But what I often discover is that a lot of people I encounter refuse to acknowledge the fact that ancient cultures were also guilty of wiping out the large animals that once wandered across vast swathes of land in the paleolithic world. There are several reasons for this stubborn refusal to see the facts as they stand. One of these is a certain kind of inability to think of Stone Age people as being capable of wiping out large numbers of big mammals, reptiles, and birds.
But humans armed with stone tools, spears, darts, atlatls, and fire were quite capable of slaughtering tremendous numbers of big animals in a short period of time. And when you factor in that detail that people were spreading across the world and moving into areas where such animals had no experience with humans...it was a recipe for mass extinction. People with throwing sticks tipped with razor sharp spears were extremely efficient in slaughtering big animals.

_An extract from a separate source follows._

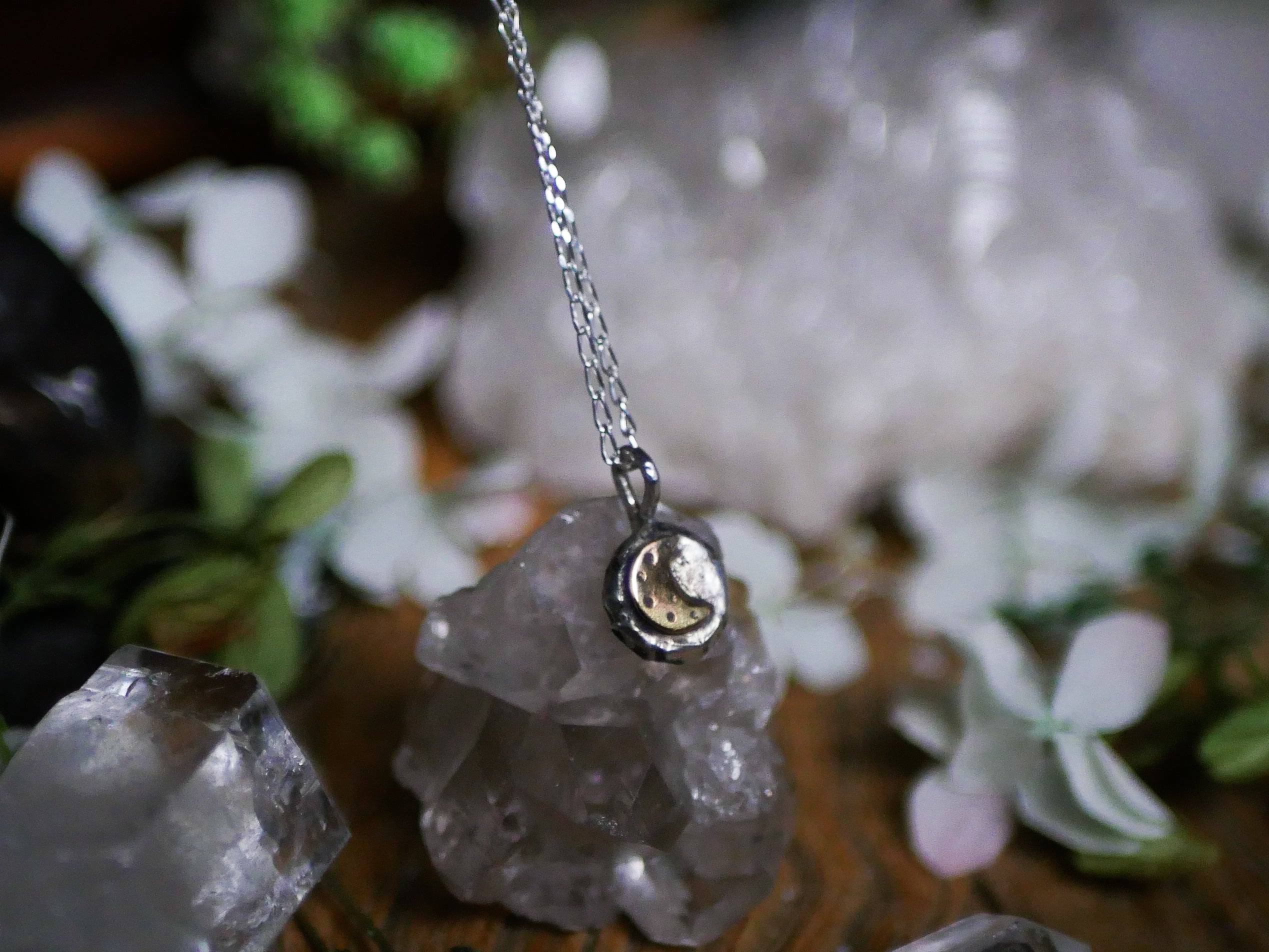 Amulette Pépite Lune - Argent 925 & Laiton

The other reason I for resistance from people who won't seriously consider the facts is that they have a picture in their minds of ancient people being beatific, of living in some kind of perfect harmony with Mother Nature. The noble savage. The human who only takes as much from the Earth as it can provide, and who gives back as much as he takes.
This is bullshit.
Ancient humans were as rapacious as modern ones, albeit in a different way. If they were hungry and figured that they had to run an entire herd of horses or bison over a cliff to feed one hundred people, then they would gladly force a thousand prey animals over a precipice to their deaths, even if they were unable to consume but a tiny percentage of the tons of meat produced in such a slaughter. They thought only of their immediate needs, just as humans often do today. As Homo sapiens moved across the lands they discovered, they killed off many of the animals that they encountered.
People like to think that the Aboriginal people of Australia lived in harmony with the land. And this may have been the case of the tribes the Europeans found when they first arrived by ship to that huge island. It's quite possible that the Aborigine had learned after tens of thousands of years how to maintain something like a balance with the ecosystem that remained to them after killing off so much of it. But when you look at the fossil record you will see that the mass extinction of the megafauna of Australia coincided with the arrival of the native humans. As they sped across the land they killed off many of the big animals they found and cleared them out to the last individual. There were bellies to be filled.
Similarly in North America you see the arrival of the first people and then the demise of Mammoths and Mastodons and American lions, Saber-toothed tigers, Megatherium, Glyptodons, Castoroides, Camels, Horses, the Short-faced bear, and on and on. Humans had to eat. And eat they did. Only animals who could reproduce in sufficient numbers stood a chance.
Humans found New Zealand and moved across that island paradise that had been all but isolated from the rest of the world for millions of years. And as they settled it from east to west, north to south, sea level to mountains...they killed off all of the big animals that lived there, wiping out almost every type of giant bird that had lived there. Of this there is absolutely no doubt. There was no living in concert with the land and finding harmony with the natural processes. They found and killed and ate until all of the megafauna were dead.
And it's pretty much the same today. There's almost nothing that moves on the land or swims in the sea or flies through the skies that we aren't going to eat or kill out of a sense of competition or just plain old cruelty. Worse than that...almost no one cares.
|Life-size statue of the extinct Moa of New Zealand.|
The extinction of the Australian megafauna and the North American Pleistocene megafauna occurred just after humans arrived. This was not coincidence. Humans wiped out all of the big animals wherever they moved.